If we were to look past the standard depressing moments that the e-hunt can bring, i.e. that moment when you realize you’ve been perusing picture after picture for an hour; or when someone e-flirts with you for the second time…despite the fact that they already e-flirted (and failed) over a month ago and forgot; or when you e-flirt with someone and then realize that you already e-flirted (and failed) over a month ago and forgot. We can and should acknowledge that many people can and do really find what they’re looking for online. And, well…sometimes it’s a nice feeling to log on and find a number of anonymous compliments.

Last time I logged onto Manhunt (what I seriously believe to be one of the most honest e-portrayals of “What I’m looking for” – nowhere else do people feel compelled to say in the most blunt fashion what they find attractive [and unattractive]), I counted: 250 out of 340 profiles online in the western area of Manhattan listed “masculine” or “str8 acting” as a requirement for potential hookups. A requirement! Some even dared to publicly interweave race with gender: “sorry, no asns…not looking for girls..haha.”

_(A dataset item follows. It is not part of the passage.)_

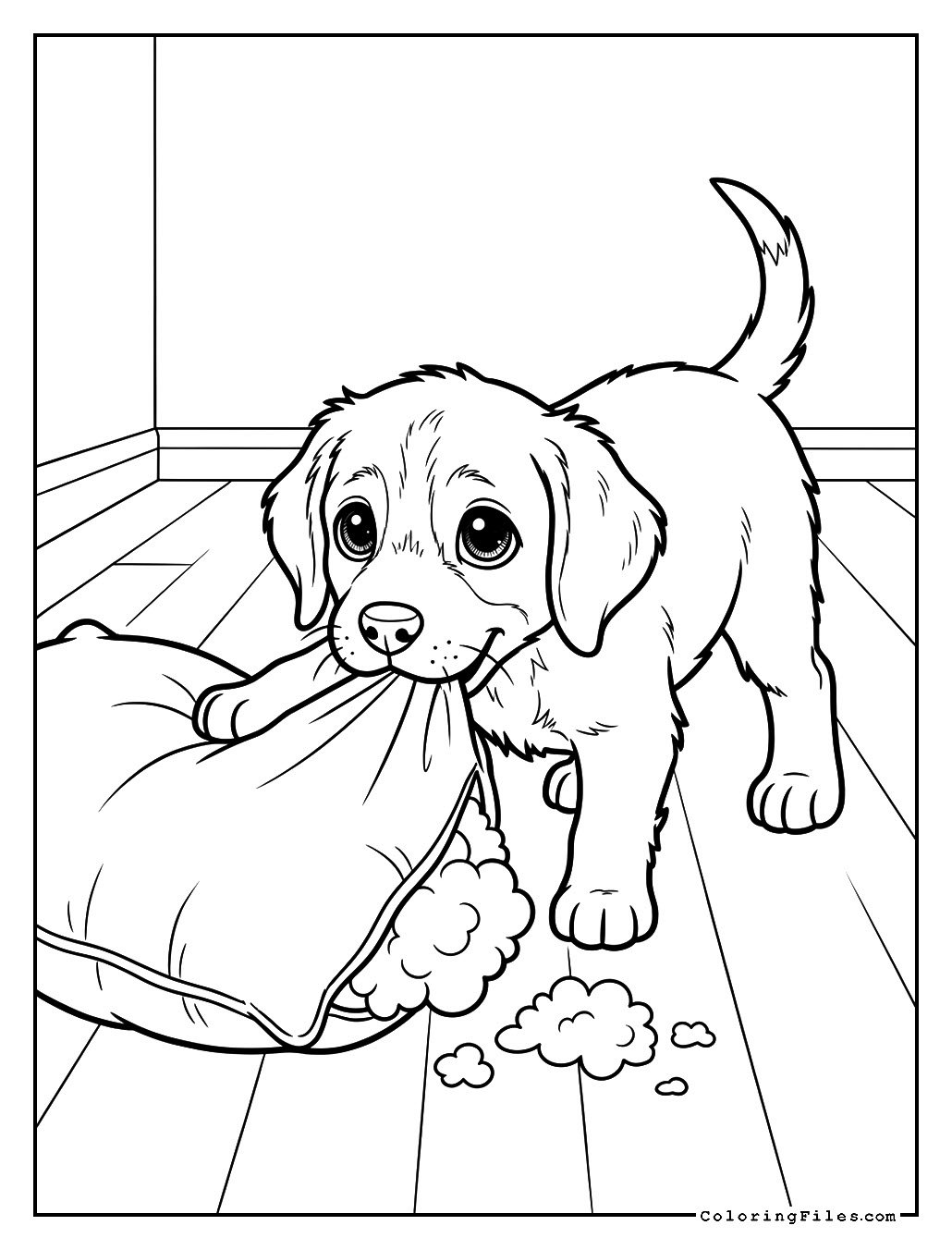 Dog Misbehaving with a Pillow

I find it very difficult to believe gay guys who claim they don’t think gender prejudice exists within the gay community. It’s one thing to acknowledge that it’s there and they don’t care, but it’s another to say that it just doesn’t exist. Shouldn’t we be responsible for what qualities we’re attracted to? Flamers should be valued just as highly as butch guys. Something has to be done.

So my brain was swirling with all these frustrated thoughts the other night, as I was wasting time skimming countless profiles and deciding which ones I wanted to click for more pictures. One caught my eye: muscular shot of a headless torso with a bulging bicep in clear view; his personal ad finished, “Femme need not apply.” Before I had enough time to blink, the mouse had clicked.